How does the A-F system work?
The A-F system uses five letters (A, B, C, D and F). There is now no E grade in order to prevent confusion with a score of E (for Excellent) that was given last century and is sometimes still given in preschools. The letter F also makes it clear that a student has Failed the course.
The basic letter grade system
|Letter Grade||Number Grade (out of 100)|
|A||90 – 100|
|B||80 – 89|
|C||70 – 79|
|D||60 – 69|
|F||59 and below|
What are the pluses and minuses for grades?

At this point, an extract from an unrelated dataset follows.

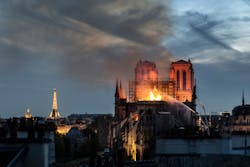 NotreDame_OnFire.jpg NotreDame_OnFire.jpg
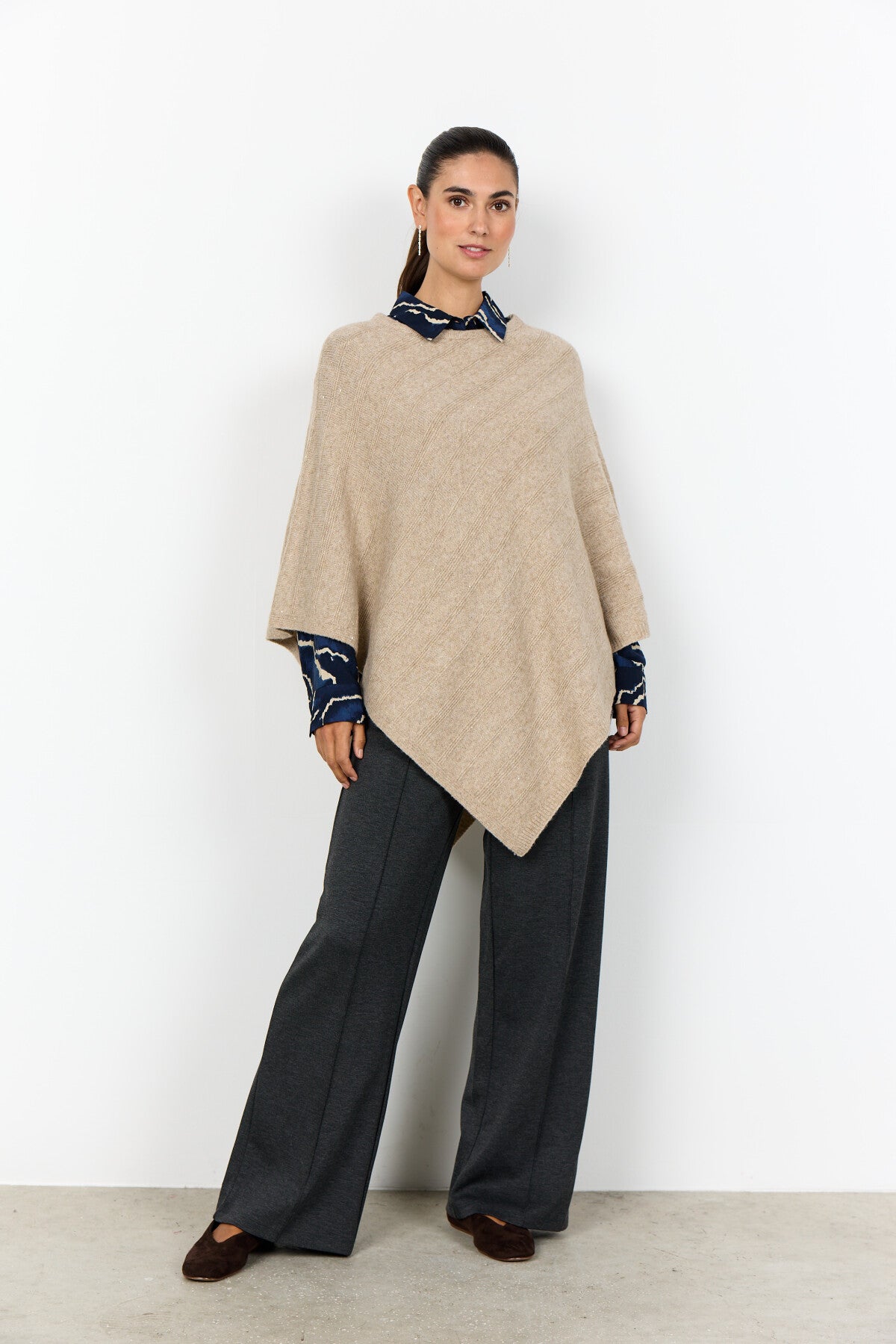 SC-AJNA 1 Poncho Zand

Many schools in the U.S. use an enhanced form of this 5-letter system, with the possibility of having a plus or minus added after the letter. Having a plus suffix (+) means a student did slightly better, and a minus suffix (-) means slightly worse. This means that for most letter grades (A-D), there are three possible variations of the grade a student could get. For A’s, for example, the very best score would be an A+, followed by an A, and then an A-. After an A- is a B+, and so on. Note that pluses and minuses are generally only used for the letters A-D, not F. A school will usually not award an F+ or F-. Any kind of F means Fail.
A common plus/minus letter grade system in the U.S.
|Letter Grade||Number Grade (out of 100)|
|A+||97 – 100|
|A||93 – 96|
|A−||90 – 92|
|B+||87 – 89|
|B||83 – 86|
|B−||80 – 82|
|C+||77 – 79|
|C||73 – 76|
|C-||70 – 72|
|D+||67 – 69|
|D||63 – 66|
|D-||60 – 62|
|F||59 and below|
Note that some schools consider an A+ to be from 96.5 to 100, others 98 to 100, etc. Always check each individual school’s particular grading system and scale.
What are “passing grades?”
At many high schools, a “passing grade” is technically anything above a failing grade, or in other words, everything from a D- up to an A+. That being said, some high schools have moved the cutoff for passing from 60 to 70, meaning that at some schools, a student must attain at least a 70 (a C-) in order to pass.
At the college and university level, a 60-69 (D- to D+) may count as passing, it may be what is known as an “unsatisfactory passing grade,” or it may not be counted as passing at all. Stipulations often apply for D grades, e.g. the class may not count towards a major, it may not count within a more demanding program (Pre-Med for example), or it may lead to academic probation. Furthermore, a student likely will not be able to transfer credit from a class with a score of 60-69. So, a 65 (D) at a university may end up worthless if the student is studying abroad or ultimately graduates from a different institution.
For undergraduate work, a C- or above is likely a passing grade. Anything in the D range has become more questionable, and its status depends on the university guidelines, the program of study, the course itself, and other variables. Always verify this information with the individual university.
What are course credits or units?
At U.S. colleges and universities, the terms “credits” and “units” are generally used interchangeably, and indicate the number of hours of class time required for a particular class. For example, a four-credit History course would require a student to be in that class for four hours each week for the duration of the semester. A two-credit Biology lab would only require the student to be in class for two hours each week.
Credit hours do not, however, include implied study and homework time for each course. The amount of out-of-class work required varies greatly by course, but a general rule is that most classes require twice as much out-of-class work as in-class work. So that same four-credit History course means four hours of class time plus eight hours (4 x 2) of study/homework time for a total of twelve weekly hours of work for the class.
The course credits system serves two purposes: it indicates a student’s total course workload by semester (15 credits per semester is standard), and it serves as a running tally of how close a student is to graduating. Again, requirements vary by school, major, etc., but 120 credits is generally seen as the magic number of total credits needed to graduate from a four-year university. That is because a student taking 15 credits each Fall and Spring semester over the course of four years would earn 120 credits.